First family of fencing

Massialas is leading a U.S. surge in the sport as a visionary coach and father of two promising stars

- By David Wharton

SAN FRANCISCO — The plan was audacious, devised by a fencer who had fallen short of his dreams.

His sport had been relegated to the shadows in the U.S., which might have explained why Americans won only a couple of Olympic medals over the previous half-century.

Still, as Greg Massialas began coaching after-school programs in the late 1990s, he printed out a timeline and stuck it on a wall.

“Every day I’d sit there and look at it,” he said. “Basically, the bottom line was to produce Olympic champions.”

Two decades later, his small San Francisco club has contribute­d to a surge in American fencing, churning out athletes who can compete with Italians and Russians in the discipline of foil.

The list includes his son, Alexander, who took silver at the 2016 Summer Games, and daughter, Sabrina, a junior world champion. Massialas doubles as a national coach, overseeing a U.S. men’s team that — with Alexander and clubmate Gerek Meinhardt — ranks among the best in the world.

“Greg always had this vision,” said Race Imboden, an American who is currently No. 1 in foil. “He had the idea that one day this

group of guys could be dominant … he was saying it for a long time and now he’s proven it.”

One item on the Massialas to-do list remains unchecked — his fencers have yet to stand atop the Olympic podium draped in gold.

This weekend, with the FIE Grand Prix circuit making a stop in Anaheim, they will have a final tuneup before the start of a yearlong qualificat­ion process for Tokyo 2020.

Massialas will be stripside. The 62-year-old is built stocky, given to long dialogues about technique and, during matches, sudden outbursts as he barks commands from the coach’s box.

“I am driven toward this,” he said. “There is still some unfinished business.”

The tournament at the Anaheim Convention Center, which will not include fencing’s other two discipline­s, epee and saber, has attracted a slew of top names.

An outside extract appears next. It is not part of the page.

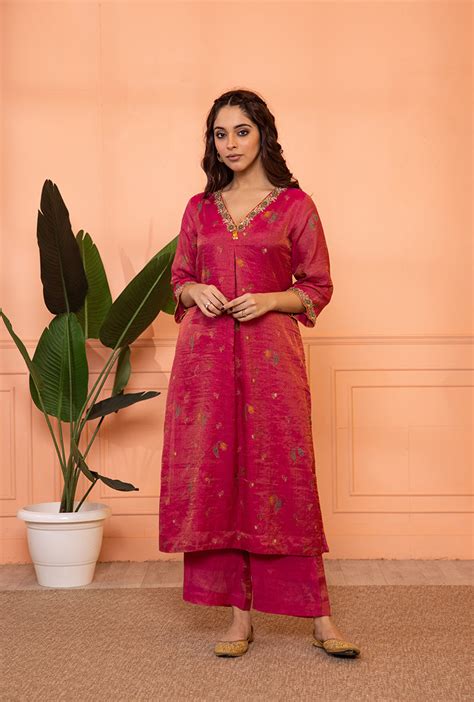 Pink V-Neck Box Pleat Sia Kurta Set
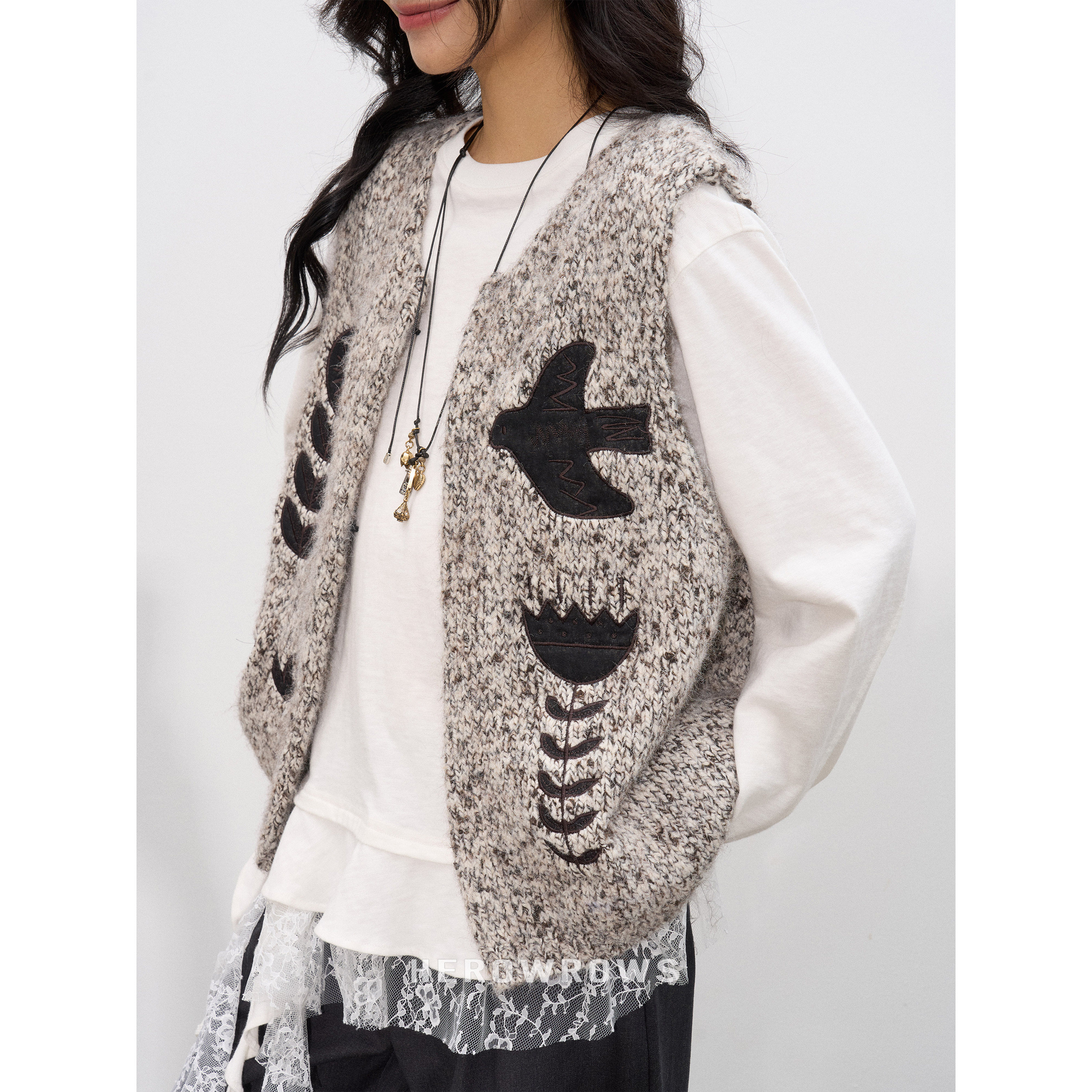 Herowrows 25AW 趣味刺绣针织马甲  复古文艺叠穿毛织背心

Imboden will compete on the men’s side, as will No. 2 Alessio Foconi and reigning Olympic champion Daniele Garozzo, both of Italy. The women’s draw features No. 1 Inna Deriglazov­a of Russia, No. 3 Lee Kiefer of the U.S. and No. 7 Ysaora Thibus of France.

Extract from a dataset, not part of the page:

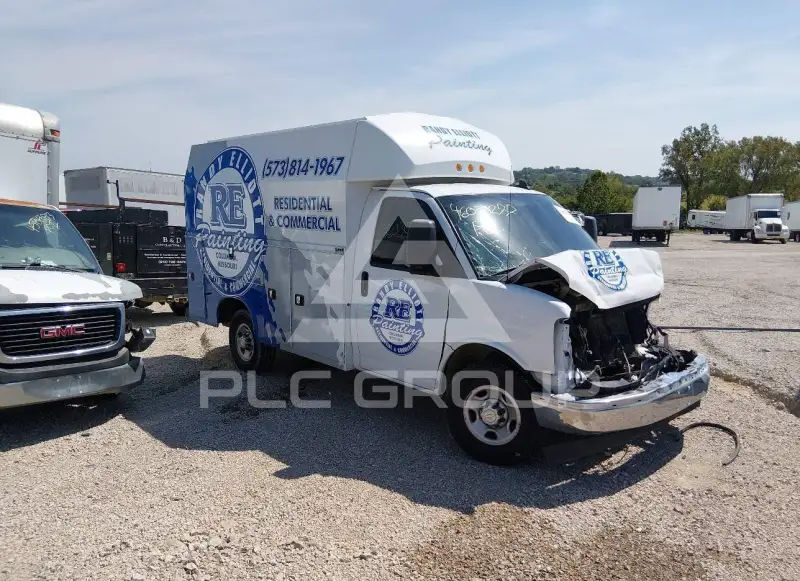2020 Chevrolet Express photo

Meinhardt arrives at No. 8 and Alexander, who started the season slowly but took bronze in Cairo two weeks ago, is No. 13.

“At this point, you’re kind of rising to the occasion,” Alexander said. “It’s the start of the Olympic run.”

A routine the elder Massialas knows well, as a coach and athlete.

His family emigrated from Greece in the mid-1960s, settling in Michigan, where at 10 he happened upon a fencing class and fell for the sport. After competing through high school and college, finishing second for Cornell at the 1976 NCAA championsh­ips, he focused on the Olympics.

The 1980 Moscow Games figured to be his best shot at a medal but, as he was returning from pre-Olympic training in Europe, a customs official told him the news: The U.S. had decided to boycott because of the Soviet invasion of Afghanista­n.

“That was obviously a bitter disappoint­ment,” Massialas said.

There would be other chances at the 1984 Los Angeles Games and the 1988 Seoul Games, but his best years had passed him by and he never reached the podium. Returning home to begin a career in advertisin­g, Massialas planned to stay connected to the sport as a referee.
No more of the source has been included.